LLMs such as ChatGPT have both potential benefits and potential risks. In dentistry, LLMs hold promise for improving administrative efficiency and facilitating multilingual communication. In the near future, LLMs may become an additional tool for clinical decision support. However, their usefulness as an aid in dentistry is contingent on the quality and comprehensiveness of data used in training and during user interactions. The use of LLMs in healthcare fields such as dentistry raises privacy and cybersecurity concerns. Effective measures must be taken to mitigate these risks and prevent malicious use. Although ChatGPT offers a user-friendly interface for answering queries, it is currently unsuitable to reliably answer health-related questions and prompts due to its lack of accuracy, transparency, and up-to-date knowledge.

The implications of LLMs for dentistry are far-reaching and complex. Therefore, their use must be approached with caution to ensure the veracity of information, patient data privacy, and the security of technology systems.

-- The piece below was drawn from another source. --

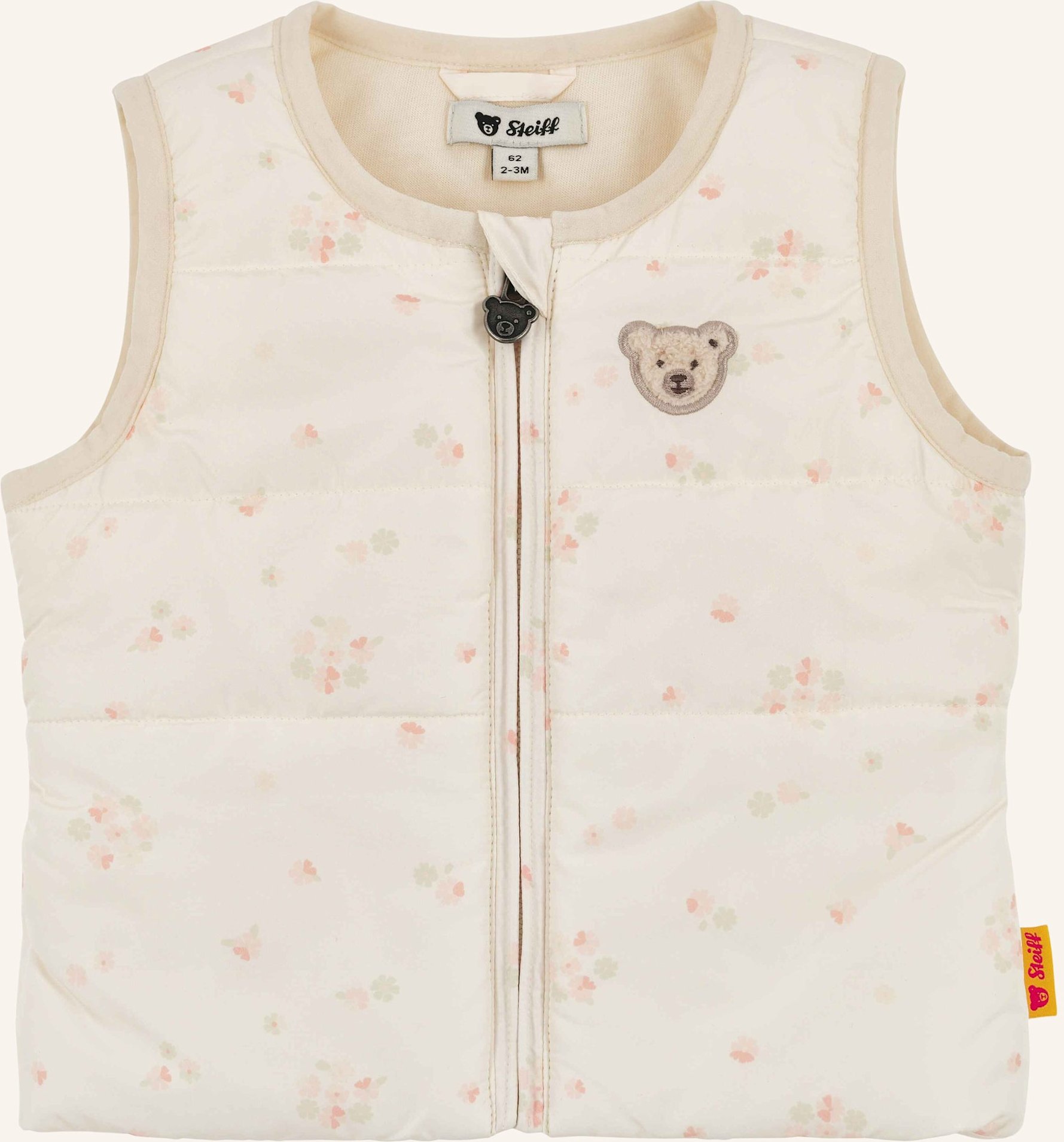 Steiff Weste Western Core beige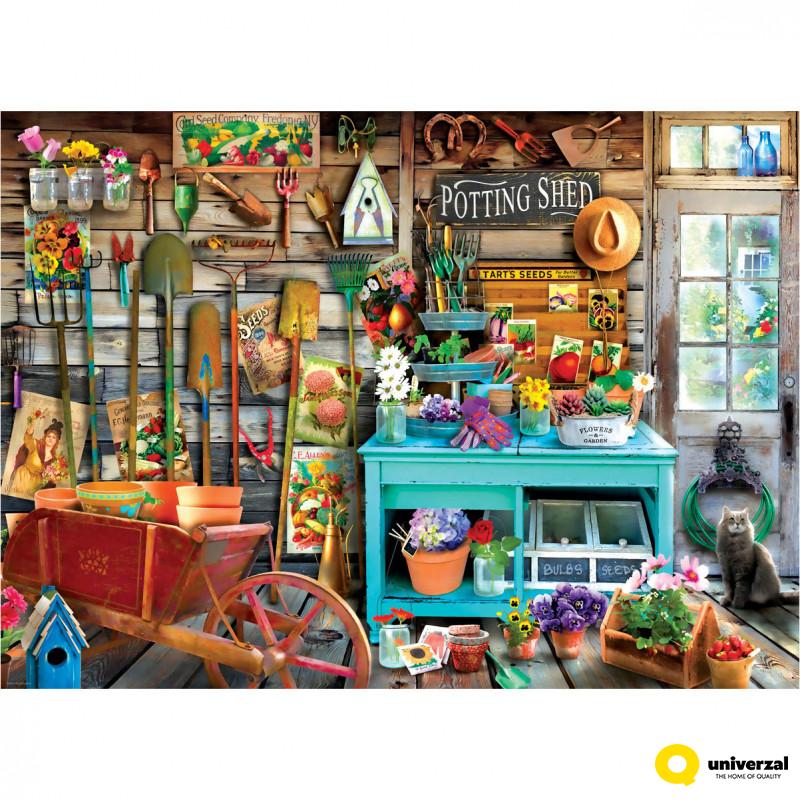 PUZZLE 1000 DELOVA 6000-5346 THE POTTING SHED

Both rigorous scientific evaluation and careful legal regulation are necessary to harness the potential benefits of LLMs for patient care, education, and dental research and to guard against the risks inherent in such AI technologies.


The authors recognize, with gratitude, the support of the Gottfried and Julia Bangerter-Rhyner Foundation and the Freiwillige Akademische Gesellschaft Basel (FAG), funders of scholarships for Florin Eggmann. The authors disclose the use of ChatGPT (January 30 version [free research preview]) during the revision of the draft of this report to enhance its fluency. An online repository holds the version of the draft that was revised using ChatGPT.21 ChatGPT was not used for conceptualization, literature review, data interpretation, or drawing conclusions.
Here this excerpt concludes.